Oliver Ransford in The Slave Trade (1971) writes: “One prominent black entrepreneur who called himself Grandy King George was notably specific in his requests, ‘send me one lucking-glass’ he wrote to a slave captain, ‘six foot-long and six foot-wide’; he also demanded an armchair ‘for myself to sit in’ and a god mounted cane as well as a close-stool to complete the furnishing of his hut.”

Slave captains, though at pains, would entertain the demands. 

In some cases, they would take caboceers and Kings on tours to England and even made arrangements for their children’s education in English public schools.

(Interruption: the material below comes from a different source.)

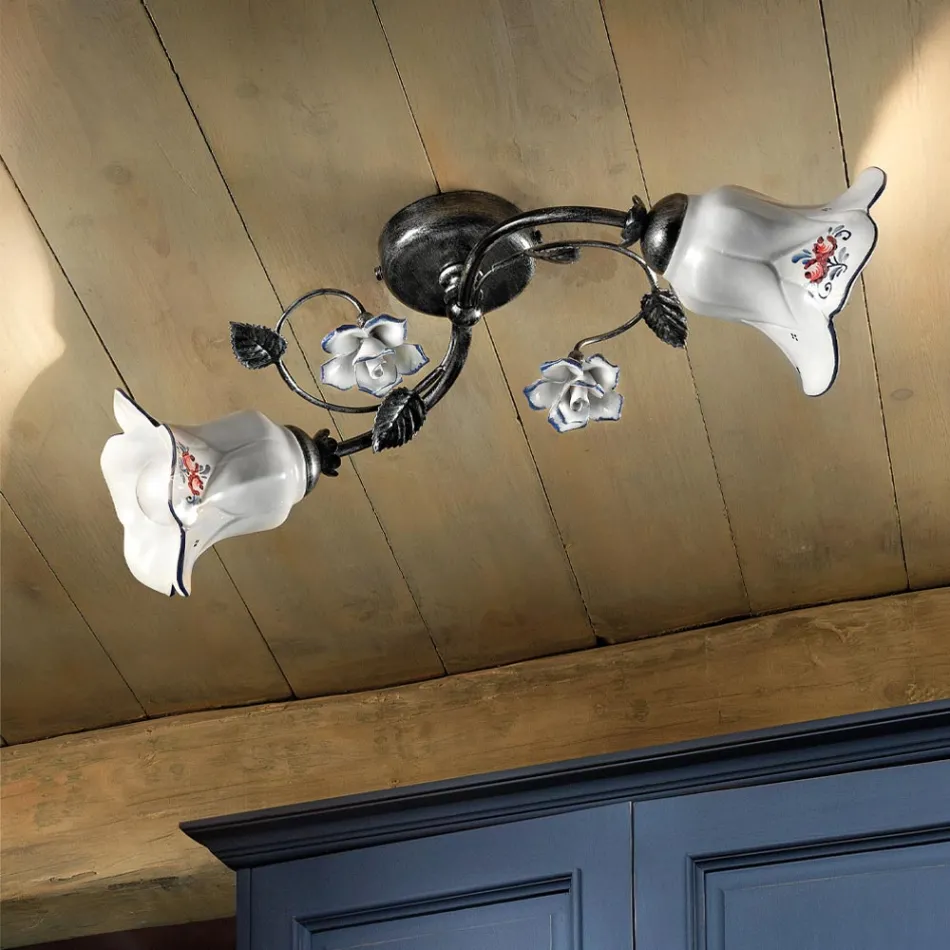 Llamba tavani me 2 drita metalike dhe qeramike me trëndafila të pikturuar me dorë - Pisa Viadurini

Salute and gunfire would be observed to honour the African kings while a feast and banquet would follow as signature to seal the deal.

This mutual agreement between the African and the European slaver made the process much easier and faster as captains would find every ‘thing’ in order.

A process which used to take months was now completed in a few weeks.

Fortresses and trading stations were set on the coastline. 

An African trader usually transported his slaves to a coastal trading station by binding them around the neck with leather thongs, each slave about a yard distance from the next. 

There were often 30 or 40 in a string. 

The factor living at the trading station negotiated a price between the African slave trader and the slave ship captain.

After making a deal with the factor, the traders transported the slaves in large canoes to the ship, riding at anchor just beyond the roaring surf. 

However, identifying Africa’s part in the history of slavery does not negate Europe’s responsibility for introducing such a heinous crime on the African continent.


2 COMMENTS

  1. Same thing pulled from same books left by slave traders who did all they can to point the finger anywhere else but themselves “One prominent black entrepreneur who called himself Grandy King George was notably specific in his requests, ‘send me one lucking-glass’ he wrote to a slave captain, ‘six foot-long and six foot-wide’; he also demanded an armchair ‘for myself to sit in’ and a god mounted cane as well as a close-stool to complete the furnishing of his hut.” how did an African who can neither read nor write English be this specific for the sole called writer to understand it and present it that way? You people should wake up!

  2. Good account, African on the coast were in contact with European for over 3 centuries, they new about European culture and ways.